Randow stuff

let's build something beautiful

A First Look At the AOL data

Among all the controversy, the AOL data is still a unique source of very interesting data. Here is the account of my first explorations.

Exploiting the data

In order to see anything useful from a huge pile of data like that (around 500MB compressed), it is necessary to search for some repetitive patterns. For my first exploration, I have decided to explore the relationships between frequent search keywords. Using python and the graph package pydot (graphviz), it is possible to quite simply plot some interesting relations.

The algorithm selects some of the most popular keywords, excluding unintersting ones like "the" "for" or "and". It then constructs a weighted graph with edges denoting a link between two keywords. There is a link between two keywords if they were searched together. For example, if a user searched for "new york", there is a link between "new" and "york". The weight is the number of times the keywords were searched together.I then select only a number of the highest weighted edges, and draw the graph with pydot. Source code is included at the end of this post, I hope people will play with it and post other results.

Here is the kind of results you can obtain:

Huge high-res

This is still kind of raw and rather unexploitable. Fortunately, it is possible to vary the number of words and edges. Playing a little bit with the parameters, it is possible to to cluster the data. I found that 90% of searches fall down into three categories. Local US search (entertainement, real estate, universities, etc.), Porn, and Music. Here is a closer look at all three clusters:

US related stuff

US relatedhigh-res.

Porn cluster

Music and lyrics cluster

qsdfhigh-res

Central words

When you explore the data a little more, it becomes apparent that some words play the role of anchors: "county", "lyrics", or "new". The other words combine with them to specify there meaning: "one (more) time lyrics", "new york", "county court house". Here is a really huge map illustrating these concepts: (be patient, it will take a little while to load, imageshack is really slow)

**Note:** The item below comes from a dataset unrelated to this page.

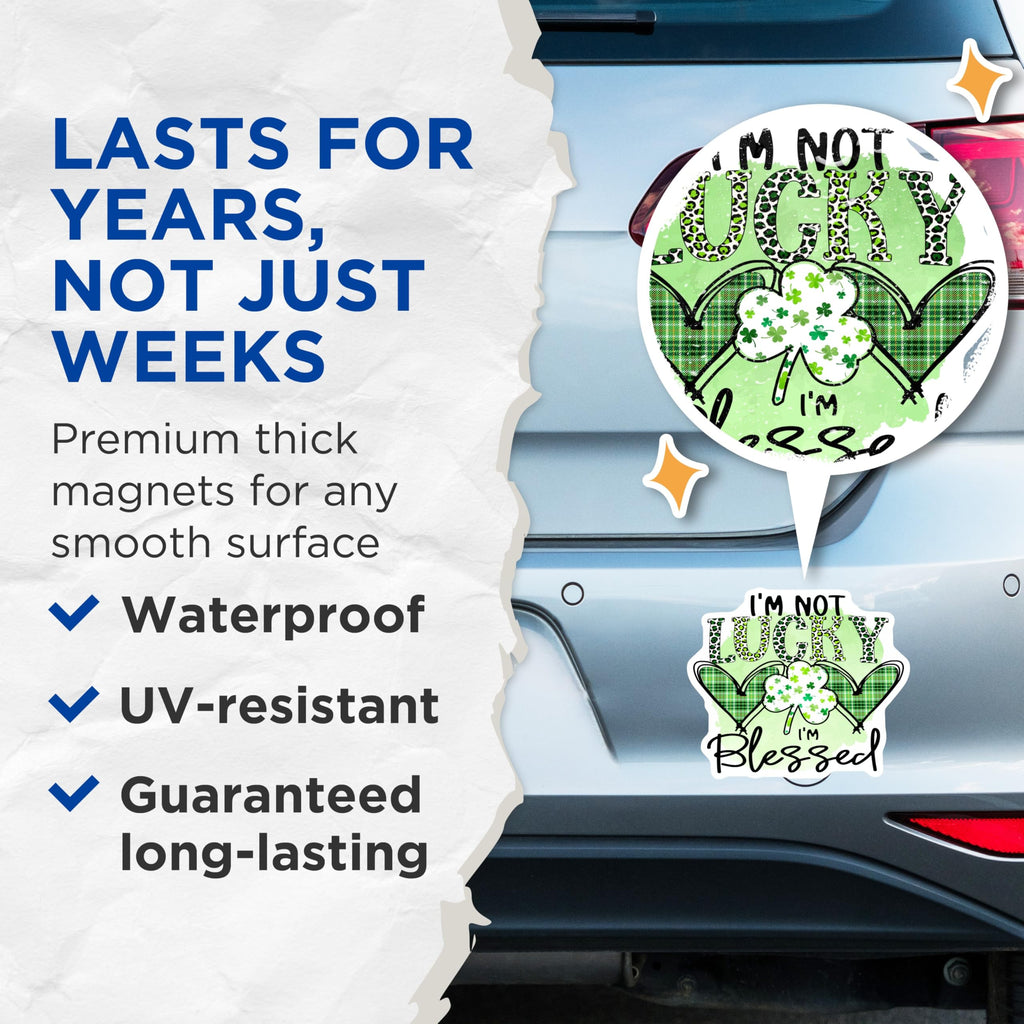 (2 Pack) Blessed Not Lucky Magnets - St Patricks Day Irish Decor - Green Leopard Print Shamrock Plaid Hearts - 5 Inches On Longest Side - Thick Durable Magnet - Made in USA - MAG20798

Free Image Hosting at www.ImageShack.us

Source code

The code assumes you pass it a text file in the following format:

keyword1 keyword2 keyword3
keyword43 keyword1 
keyword7 keyword34 keyword23 keyword9
....

It's very easy to obtain a file in that format using the aol text files and standard unix tools like sed, grep, and cut

#!/usr/bin/python

import sys
import operator

def increment_dict(dict,key):
    if key in dict:
        dict[key]+=1
    else:
        dict[key]=1

def sort_freq(dict):
    """Sorts a frequency dict, returns sorted key/freq tuples"""
    tuples = dict.items()
    tuples.sort(key=operator.itemgetter(1),reverse=True)
    return tuples

def combo(list):
    """takes a list, and generates sorted combinations: [a,b,c] ==> [(a,b),(a,c),(b,c)]"""
    if len(list) == 2:
        list.sort()
        return [tuple(list)]
    else:
        l=[]
        for i in list[1:]:
            l.append((min(list[0],i),max(list[0],i)))
        l.extend(combo(list[1:]))
        return l

def tuples2graph(tuples,elements):
    """Returns a graph matrix from a list of frequency tuples, and a list of the elements contained in the pairs"""
    matrix=[]
    for i in range(len(elements)): #matrix creation and initialization
        matrix.append([])
        for j in range(len(elements)):
            matrix[i].append(0)
    for pair,count in tuples:
        a,b=pair
        try:
            x=elements.index(a)
            y=elements.index(b)
        except:
            pass
        else:
            matrix[x][y]=count
    return matrix

def print_matrix(matrix):
    for row in matrix:
        for line in matrix:
            for column in line:
                print column,
            print

def extract_links(lines,authorized_words):
    """Extract links between auhorized words"""
    word_links={}
    for line in lines:
        line = line[:-1] # get rid of \n
        words=line.split(" ")
        words =  [ word for word in words if word in authorized_words ]  #only consider authorized words
        if len(words) >= 2:
            for word in words:
                for combination in combo(words):
                    if combination[0] != combination[1] : increment_dict(word_links,combination) #remove links from word to word
    return word_links

def label_graph(graph,labels):
    """labels a numbered graph with text labels"""
    labeled_graph=[]
    for n1,n2 in graph:
        if not (n1 == -1 or n2 == -1):labeled_graph.append((labels[n1],labels[n2]))
    return labeled_graph        

def clean_freq_data(data,min_freq):
    """removes all entries with freq < min_freq"""
    for key,freq in data.items():
        if freq < min_freq: data.pop(key)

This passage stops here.